El obispo Jaime Soto anunció en diciembre que la diócesis seguiría el mismo camino que otros distritos eclesiásticos de California, como la Diócesis de San Francisco, la Diócesis de Oakland, la Diócesis de Stockton y la Diócesis de Santa Rosa.
Soto dijo en un comunicado en diciembre que “ahora está claro para mí que esta es la única manera disponible para resolver estas reclamaciones de la manera más justa posible”.
“Hay muchas víctimas-sobrevivientes que esperan una compensación por los reprobables pecados cometidos contra ellos”, escribió el obispo en el comunicado.
“La diócesis enfrenta más de 250 demandas en las que se alegan abusos sexuales cometidos por clérigos u otro personal de la Iglesia.
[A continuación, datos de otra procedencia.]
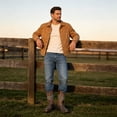 thumbnail image 3 of Austin Mill Men's Classic Square Toe Cowboy Boots, Embroidered Western Work Boots with Slip-Resistant Rubber Sole for Ranch & Casual Wear, 3 of 10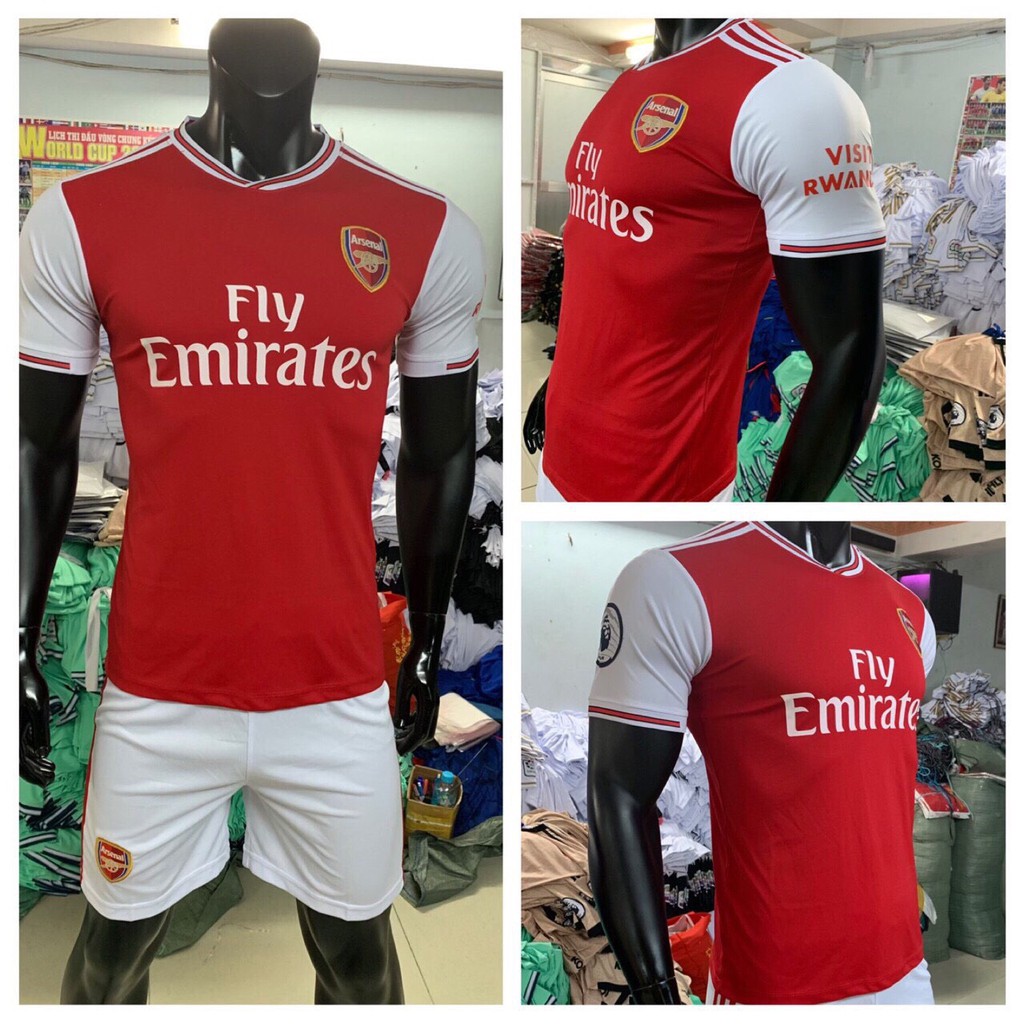 Áo Đá Banh CLB Arsenal Mùa Giải 2019 - 2020 Thun Lạnh Cao Cấp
El proceso de reorganización me permitirá responder equitativamente al gran número de personas que son víctimas-sobrevivientes de abusos”.
La diócesis dijo en un principio que esperaba presentar la demanda en marzo, pero ahora ha señalado el 1 de abril como la fecha en que se presentarán los documentos judiciales.
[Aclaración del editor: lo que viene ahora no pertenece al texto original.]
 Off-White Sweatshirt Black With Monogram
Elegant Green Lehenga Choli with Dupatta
La avalancha de demandas se deriva de una medida promulgada en California en 2019 que amplió el plazo de prescripción para estos casos. Otros estados han aprobado leyes similares.
La Diócesis de Sacramento ha publicado una lista de 46 “clérigos creíblemente acusados” que sirvieron en la Diócesis de Sacramento desde 1933 hasta 2018. Muchos de ellos ya fallecieron, y algunos figuran como fugitivos de la justicia.
La diócesis ha dicho que una declaración de quiebra no cambiaría el deber de la Iglesia, sino que permitiría una reorganización financiera y trabajar hacia un acuerdo de los casos.
Los detractores de este tipo de medidas han afirmado que una declaración de quiebra pudiera reducir la cantidad de dinero que los demandantes recibirían si sus casos continuaran en los tribunales, y han denunciado que una medida de este tipo permitiría que los nombres de algunos abusadores permanezcan en secreto.